Dès le début de sa vie politique, Richelieu dégage les principes de mutuelle tolérance sur lesquels doit reposer la vie nationale dans un État où diverses Églises subsistent. Pour que personne ne s’y trompe, il ajoute : « Par ce moyen Votre Majesté, correspondant au glorieux titre de Très-Chrétien que la piété de ses prédécesseurs lui a acquis, se rendra le plus signalé roi du monde et affermira, de plus en plus, le repos et la paix dans son État. » Ainsi, cet homme qui a, de l’autorité de l’État, une conception si fière, l’adoucit cependant, quand il touche au point sensible de l’âme humaine, à cette « prunelle de l’œil » qui est la liberté des consciences. Il devine, un des premiers, que la mission du gouvernement moderne est de dominer et d’apaiser ces conflits et non de les soulever et de les irriter. Evoque aujourd’hui, cardinal demain, il impose à son autorité religieuse une limite. Il contient les zélés, appelle à lui les hommes de bonne volonté et les hommes de foi. Avec ces concitoyens de croyances diverses, qui, la veille, se ruaient les uns sur les autres, il veut faire une société unie, une nation.
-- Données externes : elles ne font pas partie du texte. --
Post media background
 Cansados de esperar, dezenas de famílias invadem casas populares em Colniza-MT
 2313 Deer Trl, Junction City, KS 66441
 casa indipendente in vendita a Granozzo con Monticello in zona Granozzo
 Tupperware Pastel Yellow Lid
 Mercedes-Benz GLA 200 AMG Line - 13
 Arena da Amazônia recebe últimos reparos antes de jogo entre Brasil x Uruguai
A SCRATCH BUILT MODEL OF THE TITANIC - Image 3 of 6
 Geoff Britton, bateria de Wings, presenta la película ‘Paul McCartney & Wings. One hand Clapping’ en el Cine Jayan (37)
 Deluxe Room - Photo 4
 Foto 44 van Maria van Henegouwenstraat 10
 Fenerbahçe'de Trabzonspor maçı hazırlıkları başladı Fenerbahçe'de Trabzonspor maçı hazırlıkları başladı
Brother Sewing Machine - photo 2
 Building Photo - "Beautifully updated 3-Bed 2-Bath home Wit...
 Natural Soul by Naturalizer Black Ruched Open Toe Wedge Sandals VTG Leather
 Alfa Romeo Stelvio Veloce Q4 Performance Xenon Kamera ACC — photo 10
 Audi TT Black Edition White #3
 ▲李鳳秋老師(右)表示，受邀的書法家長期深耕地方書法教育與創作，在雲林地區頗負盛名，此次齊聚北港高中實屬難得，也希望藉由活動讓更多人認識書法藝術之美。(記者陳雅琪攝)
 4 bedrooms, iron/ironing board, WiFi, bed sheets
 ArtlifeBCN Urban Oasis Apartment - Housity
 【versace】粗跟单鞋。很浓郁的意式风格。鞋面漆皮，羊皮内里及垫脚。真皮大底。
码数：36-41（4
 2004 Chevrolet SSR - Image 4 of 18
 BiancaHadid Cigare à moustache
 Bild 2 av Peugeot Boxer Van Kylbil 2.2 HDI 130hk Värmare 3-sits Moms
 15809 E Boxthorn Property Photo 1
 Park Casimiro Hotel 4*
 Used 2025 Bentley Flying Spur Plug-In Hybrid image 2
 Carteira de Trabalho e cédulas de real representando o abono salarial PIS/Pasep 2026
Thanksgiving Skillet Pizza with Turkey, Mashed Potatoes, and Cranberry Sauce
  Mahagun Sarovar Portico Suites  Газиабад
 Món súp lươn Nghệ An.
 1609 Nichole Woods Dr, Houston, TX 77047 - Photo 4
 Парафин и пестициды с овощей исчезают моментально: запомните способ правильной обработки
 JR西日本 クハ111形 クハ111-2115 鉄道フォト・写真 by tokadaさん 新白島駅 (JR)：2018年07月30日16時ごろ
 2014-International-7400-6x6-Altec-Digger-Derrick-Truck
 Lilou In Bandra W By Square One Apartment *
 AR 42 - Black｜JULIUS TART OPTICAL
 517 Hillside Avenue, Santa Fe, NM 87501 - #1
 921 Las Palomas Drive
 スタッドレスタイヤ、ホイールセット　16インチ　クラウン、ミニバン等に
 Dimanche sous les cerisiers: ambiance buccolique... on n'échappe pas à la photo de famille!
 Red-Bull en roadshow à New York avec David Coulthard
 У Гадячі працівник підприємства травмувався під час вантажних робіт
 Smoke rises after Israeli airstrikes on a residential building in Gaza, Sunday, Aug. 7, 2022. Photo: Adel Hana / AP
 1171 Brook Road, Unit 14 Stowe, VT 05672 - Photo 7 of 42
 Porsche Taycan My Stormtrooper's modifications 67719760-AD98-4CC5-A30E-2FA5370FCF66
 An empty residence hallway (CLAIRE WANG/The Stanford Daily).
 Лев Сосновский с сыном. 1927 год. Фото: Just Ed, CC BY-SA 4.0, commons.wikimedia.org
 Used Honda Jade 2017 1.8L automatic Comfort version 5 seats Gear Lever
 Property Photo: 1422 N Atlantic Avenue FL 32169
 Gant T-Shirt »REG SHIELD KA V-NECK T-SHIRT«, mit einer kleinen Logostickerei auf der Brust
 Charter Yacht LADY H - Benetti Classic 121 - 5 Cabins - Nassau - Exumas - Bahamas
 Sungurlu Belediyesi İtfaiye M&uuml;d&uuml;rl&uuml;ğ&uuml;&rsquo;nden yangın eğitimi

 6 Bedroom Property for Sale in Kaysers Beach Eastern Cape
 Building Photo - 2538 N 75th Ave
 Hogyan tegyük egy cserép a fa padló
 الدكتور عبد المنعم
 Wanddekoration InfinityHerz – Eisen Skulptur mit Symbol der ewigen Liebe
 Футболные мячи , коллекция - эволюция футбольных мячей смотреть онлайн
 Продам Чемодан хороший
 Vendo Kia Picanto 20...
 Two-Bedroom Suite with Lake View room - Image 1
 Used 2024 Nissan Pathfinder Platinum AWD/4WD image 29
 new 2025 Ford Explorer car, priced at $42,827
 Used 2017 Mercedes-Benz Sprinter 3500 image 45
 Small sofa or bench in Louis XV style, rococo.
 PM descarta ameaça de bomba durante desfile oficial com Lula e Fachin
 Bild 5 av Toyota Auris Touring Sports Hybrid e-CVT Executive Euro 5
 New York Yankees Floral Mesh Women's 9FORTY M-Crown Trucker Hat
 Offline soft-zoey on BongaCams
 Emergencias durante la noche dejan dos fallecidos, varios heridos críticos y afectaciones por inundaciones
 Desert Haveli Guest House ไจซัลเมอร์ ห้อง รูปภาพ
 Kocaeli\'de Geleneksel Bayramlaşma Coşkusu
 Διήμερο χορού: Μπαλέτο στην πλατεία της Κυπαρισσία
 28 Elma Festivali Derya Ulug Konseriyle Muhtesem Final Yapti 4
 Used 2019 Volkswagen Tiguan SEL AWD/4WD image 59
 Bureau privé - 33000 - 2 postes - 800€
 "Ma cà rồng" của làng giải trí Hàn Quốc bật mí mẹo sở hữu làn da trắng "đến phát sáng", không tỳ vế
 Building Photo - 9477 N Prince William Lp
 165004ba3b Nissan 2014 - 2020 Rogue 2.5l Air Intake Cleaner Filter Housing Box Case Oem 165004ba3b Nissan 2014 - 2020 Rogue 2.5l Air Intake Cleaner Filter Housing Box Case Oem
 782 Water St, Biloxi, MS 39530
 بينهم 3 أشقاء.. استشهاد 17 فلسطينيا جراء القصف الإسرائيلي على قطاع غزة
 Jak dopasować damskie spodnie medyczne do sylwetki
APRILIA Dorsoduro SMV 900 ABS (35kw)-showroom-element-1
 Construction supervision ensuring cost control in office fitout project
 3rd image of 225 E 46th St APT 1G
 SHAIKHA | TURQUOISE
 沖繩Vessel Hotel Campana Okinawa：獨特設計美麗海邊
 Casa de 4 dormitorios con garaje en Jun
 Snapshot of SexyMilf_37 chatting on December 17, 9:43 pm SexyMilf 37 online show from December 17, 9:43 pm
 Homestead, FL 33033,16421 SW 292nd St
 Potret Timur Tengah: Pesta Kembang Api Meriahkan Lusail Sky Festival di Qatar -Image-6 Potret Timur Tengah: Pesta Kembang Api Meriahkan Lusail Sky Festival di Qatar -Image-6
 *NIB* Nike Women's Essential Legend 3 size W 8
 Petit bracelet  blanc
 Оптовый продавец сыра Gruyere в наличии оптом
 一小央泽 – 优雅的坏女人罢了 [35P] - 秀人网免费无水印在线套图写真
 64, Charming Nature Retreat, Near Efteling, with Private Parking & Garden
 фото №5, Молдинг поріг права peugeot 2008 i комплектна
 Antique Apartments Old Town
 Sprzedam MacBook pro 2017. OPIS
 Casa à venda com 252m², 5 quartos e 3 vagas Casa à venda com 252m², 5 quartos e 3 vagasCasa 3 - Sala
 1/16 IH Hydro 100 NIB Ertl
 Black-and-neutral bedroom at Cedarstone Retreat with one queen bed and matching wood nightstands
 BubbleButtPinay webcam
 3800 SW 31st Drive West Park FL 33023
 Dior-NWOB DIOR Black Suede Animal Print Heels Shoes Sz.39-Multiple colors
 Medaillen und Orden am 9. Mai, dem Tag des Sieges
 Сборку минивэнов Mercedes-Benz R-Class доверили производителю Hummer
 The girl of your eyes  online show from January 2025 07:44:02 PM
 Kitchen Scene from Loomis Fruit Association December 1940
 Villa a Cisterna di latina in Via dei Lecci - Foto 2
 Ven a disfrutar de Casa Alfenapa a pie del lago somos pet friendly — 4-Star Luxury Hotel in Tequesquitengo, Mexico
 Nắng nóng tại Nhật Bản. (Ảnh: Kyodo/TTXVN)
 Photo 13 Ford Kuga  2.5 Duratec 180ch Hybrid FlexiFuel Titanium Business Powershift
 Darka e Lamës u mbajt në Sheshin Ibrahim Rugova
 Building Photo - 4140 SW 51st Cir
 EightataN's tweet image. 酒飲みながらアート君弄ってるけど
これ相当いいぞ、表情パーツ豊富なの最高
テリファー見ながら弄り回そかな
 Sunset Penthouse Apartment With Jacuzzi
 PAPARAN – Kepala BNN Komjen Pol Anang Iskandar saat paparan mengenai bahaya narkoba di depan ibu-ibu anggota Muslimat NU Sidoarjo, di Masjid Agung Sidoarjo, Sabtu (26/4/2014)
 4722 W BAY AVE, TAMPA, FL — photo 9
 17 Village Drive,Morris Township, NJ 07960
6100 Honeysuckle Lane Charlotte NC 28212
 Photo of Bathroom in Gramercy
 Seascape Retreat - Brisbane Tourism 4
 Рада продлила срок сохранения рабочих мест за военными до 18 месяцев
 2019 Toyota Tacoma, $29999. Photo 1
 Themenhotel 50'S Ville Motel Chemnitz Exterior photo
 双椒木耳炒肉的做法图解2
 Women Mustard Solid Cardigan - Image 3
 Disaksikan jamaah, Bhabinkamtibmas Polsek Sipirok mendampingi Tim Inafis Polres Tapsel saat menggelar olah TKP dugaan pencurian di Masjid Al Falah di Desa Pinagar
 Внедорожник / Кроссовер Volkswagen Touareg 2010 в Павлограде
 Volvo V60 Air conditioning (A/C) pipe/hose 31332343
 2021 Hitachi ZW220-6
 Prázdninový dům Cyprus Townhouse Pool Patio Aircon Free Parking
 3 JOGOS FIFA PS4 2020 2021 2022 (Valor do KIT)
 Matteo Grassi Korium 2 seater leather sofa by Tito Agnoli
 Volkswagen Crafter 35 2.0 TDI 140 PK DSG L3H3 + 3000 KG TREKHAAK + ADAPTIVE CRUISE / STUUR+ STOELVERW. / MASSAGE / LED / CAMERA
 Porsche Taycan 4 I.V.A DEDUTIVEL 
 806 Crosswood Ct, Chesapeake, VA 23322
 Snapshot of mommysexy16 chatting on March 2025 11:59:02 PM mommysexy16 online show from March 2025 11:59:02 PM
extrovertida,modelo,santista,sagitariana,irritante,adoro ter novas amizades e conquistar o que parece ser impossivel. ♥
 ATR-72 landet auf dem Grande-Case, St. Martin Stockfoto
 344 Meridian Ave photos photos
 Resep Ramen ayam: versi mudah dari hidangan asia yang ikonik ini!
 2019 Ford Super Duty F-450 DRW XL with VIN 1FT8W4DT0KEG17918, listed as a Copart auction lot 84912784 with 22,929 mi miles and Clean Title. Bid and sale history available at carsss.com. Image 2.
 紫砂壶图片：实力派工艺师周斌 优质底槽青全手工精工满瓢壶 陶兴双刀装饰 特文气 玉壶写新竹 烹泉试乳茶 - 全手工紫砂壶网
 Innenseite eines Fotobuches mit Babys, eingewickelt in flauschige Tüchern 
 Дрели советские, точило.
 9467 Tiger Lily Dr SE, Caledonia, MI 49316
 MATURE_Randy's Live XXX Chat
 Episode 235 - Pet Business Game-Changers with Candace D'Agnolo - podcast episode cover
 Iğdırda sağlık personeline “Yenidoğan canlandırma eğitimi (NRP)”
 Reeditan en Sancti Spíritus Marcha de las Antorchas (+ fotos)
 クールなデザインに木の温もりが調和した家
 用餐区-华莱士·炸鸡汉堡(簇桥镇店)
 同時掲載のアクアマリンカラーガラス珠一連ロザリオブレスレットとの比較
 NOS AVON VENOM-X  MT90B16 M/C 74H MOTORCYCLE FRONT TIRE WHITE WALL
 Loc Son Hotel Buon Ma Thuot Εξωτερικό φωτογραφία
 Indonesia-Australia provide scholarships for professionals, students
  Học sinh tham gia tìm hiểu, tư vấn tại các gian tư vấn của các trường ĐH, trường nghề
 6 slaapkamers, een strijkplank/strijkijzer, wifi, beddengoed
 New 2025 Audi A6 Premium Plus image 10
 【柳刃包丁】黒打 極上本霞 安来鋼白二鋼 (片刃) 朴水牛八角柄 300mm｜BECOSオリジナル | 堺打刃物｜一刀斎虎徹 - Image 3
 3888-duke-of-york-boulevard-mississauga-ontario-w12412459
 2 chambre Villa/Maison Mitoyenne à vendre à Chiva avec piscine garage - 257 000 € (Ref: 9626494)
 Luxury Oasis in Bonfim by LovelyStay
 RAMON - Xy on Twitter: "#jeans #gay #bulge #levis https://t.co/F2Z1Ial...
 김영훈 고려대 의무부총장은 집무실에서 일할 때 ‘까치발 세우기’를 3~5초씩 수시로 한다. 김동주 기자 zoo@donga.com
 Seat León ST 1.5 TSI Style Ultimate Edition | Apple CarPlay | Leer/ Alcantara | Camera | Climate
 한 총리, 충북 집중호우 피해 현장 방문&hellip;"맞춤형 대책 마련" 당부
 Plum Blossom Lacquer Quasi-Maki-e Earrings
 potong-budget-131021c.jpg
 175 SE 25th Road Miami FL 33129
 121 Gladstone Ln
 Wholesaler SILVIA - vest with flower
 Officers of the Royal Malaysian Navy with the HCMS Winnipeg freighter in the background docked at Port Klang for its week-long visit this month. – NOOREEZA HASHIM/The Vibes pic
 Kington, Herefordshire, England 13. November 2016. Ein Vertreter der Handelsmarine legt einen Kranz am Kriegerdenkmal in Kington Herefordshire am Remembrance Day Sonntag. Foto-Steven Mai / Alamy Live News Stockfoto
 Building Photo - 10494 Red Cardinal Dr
Sa discussion habile et pressante suit, pied à pied, la réponse que les ministres avaient faite aux propositions du Père Arnoux. Qui l’emporte dans ce duel de plume ? On ne saurait répondre sans être accusé de partialité. C’est le débat philosophique de la volonté de Dieu et de la liberté de l’homme, c’est le débat théologique de la foi et des œuvres, de l’efficacité de la grâce, du nombre des prédestinés et des élus ; c’est le débat historique de la liberté d’examen et de la tradition ; c’est enfin le débat politique de l’obéissance totale à la volonté du prince, ou de la résistance, selon le criterium d’une conscience qui n’a son contrôle que dans elle-même.